> _What you will do_: Keeping pictures out, repeat the lines of the listing below exactly, starting at its first line and finishing with the one that holds "Harmony 5-Piece Sunbrella".

> _Data for this exercise_:
***
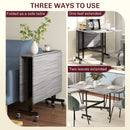 HOMCOM Mobile Drop Leaf Table, Folding Kitchen Table with 6 Wheels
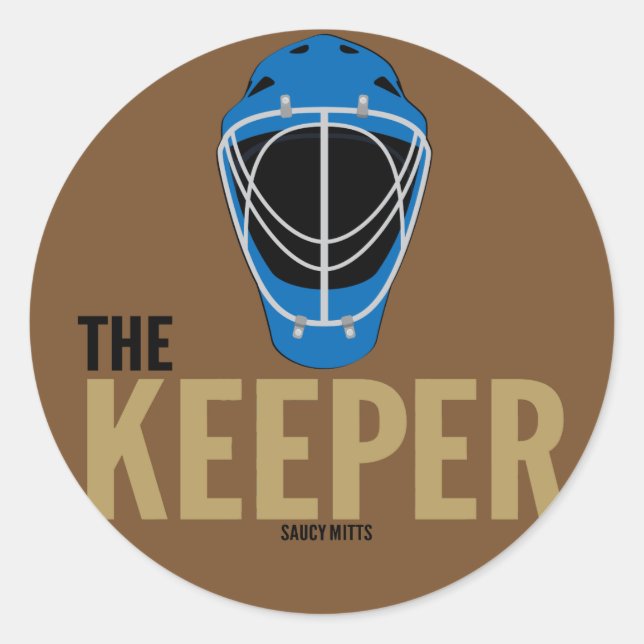Youth Hockey Goalie Mask the Keeper Classic Round Sticker (Front)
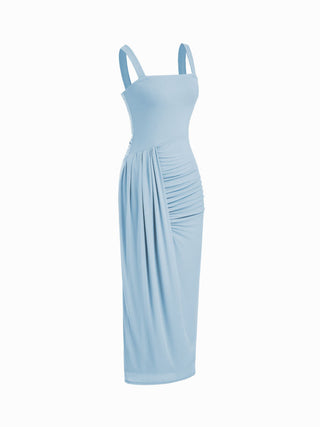Mesh High Neckline Asymmetrical Ruched Cloak Sleeve Mermaid Maxi Dress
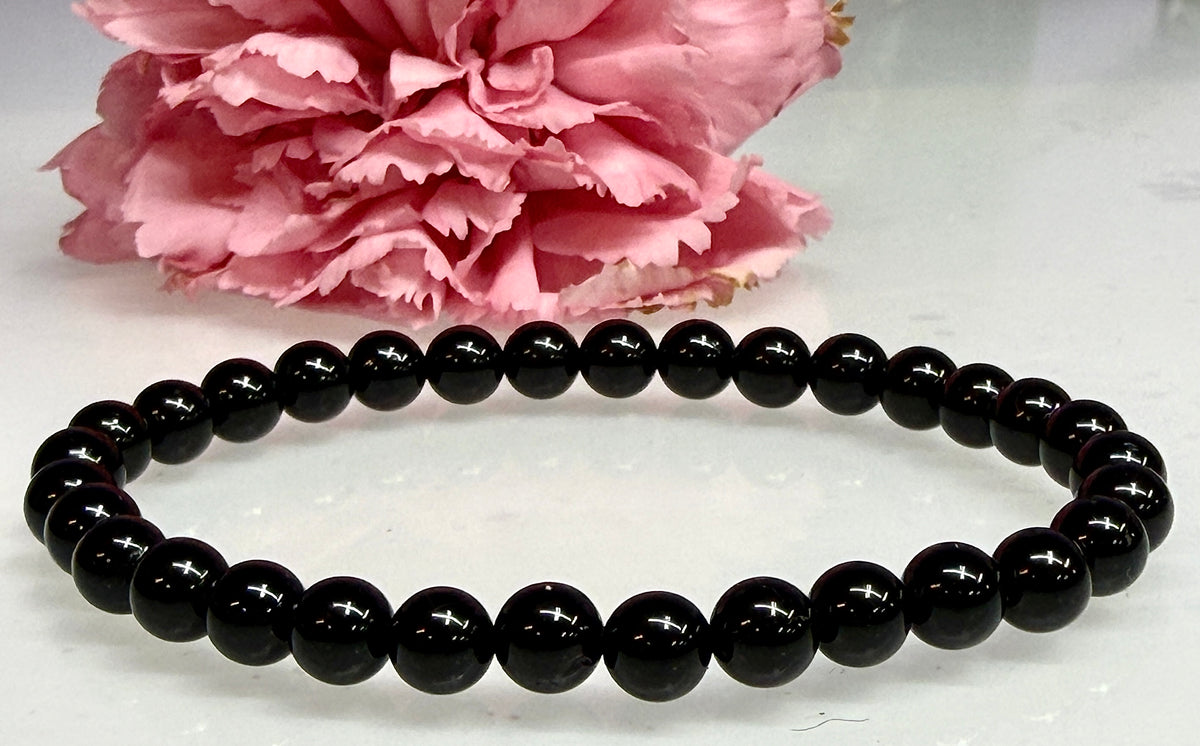 Wholesale Lot 6 Pcs Black Onyx 6mm 7.5” Crystal Healing Stretch Bracelet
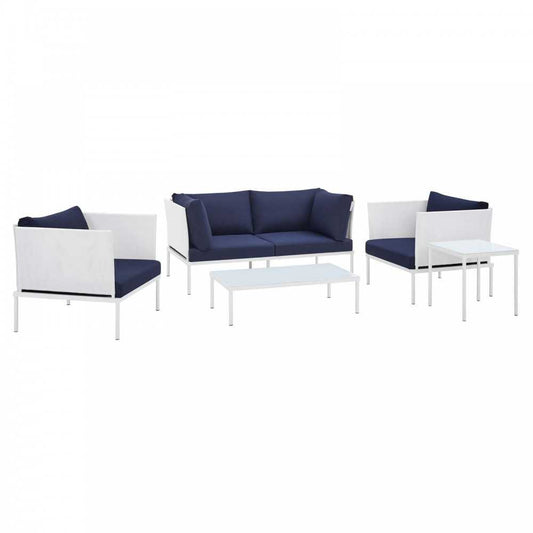 Harmony 5-Piece Sunbrella Outdoor Patio Aluminum Furniture Set, White Navy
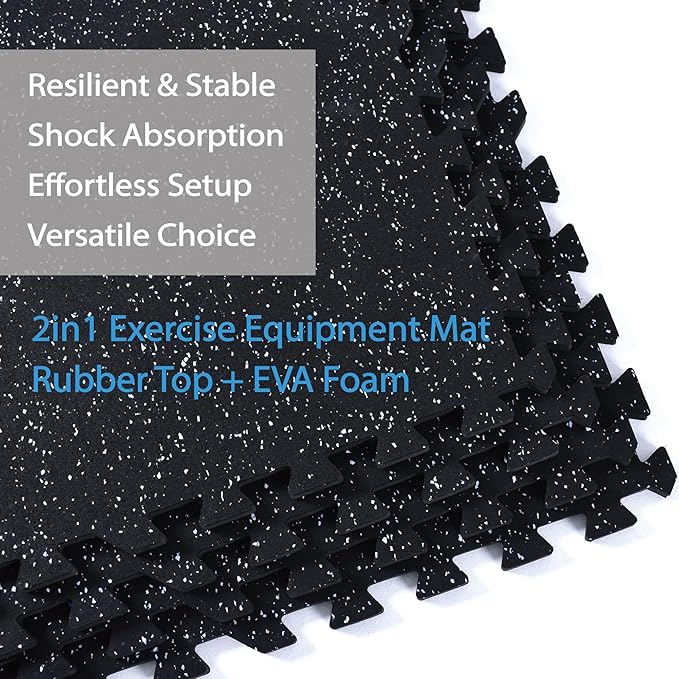 0.56 Inch Thick 24 Sq Ft Gym Flooring 6 Tiles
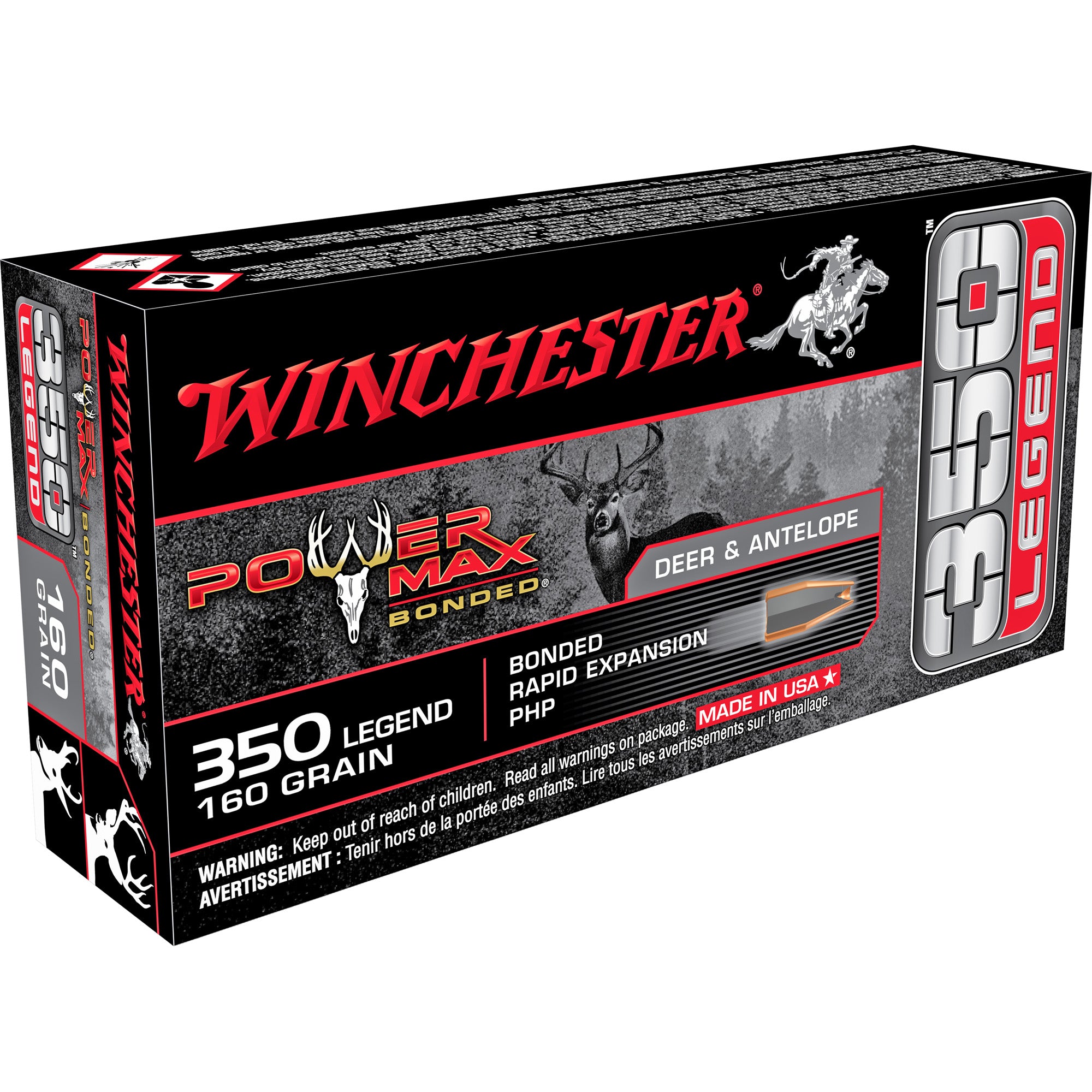 Winchester Ammunition Power Max Bonded .350 Legend 160-Grain Hollow Point - 20 Rounds Per Box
***
> _Output below_:
 HOMCOM Mobile Drop Leaf Table, Folding Kitchen Table with 6 Wheels
Youth Hockey Goalie Mask the Keeper Classic Round Sticker (Front)
Mesh High Neckline Asymmetrical Ruched Cloak Sleeve Mermaid Maxi Dress
 Wholesale Lot 6 Pcs Black Onyx 6mm 7.5” Crystal Healing Stretch Bracelet
 Harmony 5-Piece Sunbrella Outdoor Patio Aluminum Furniture Set, White Navy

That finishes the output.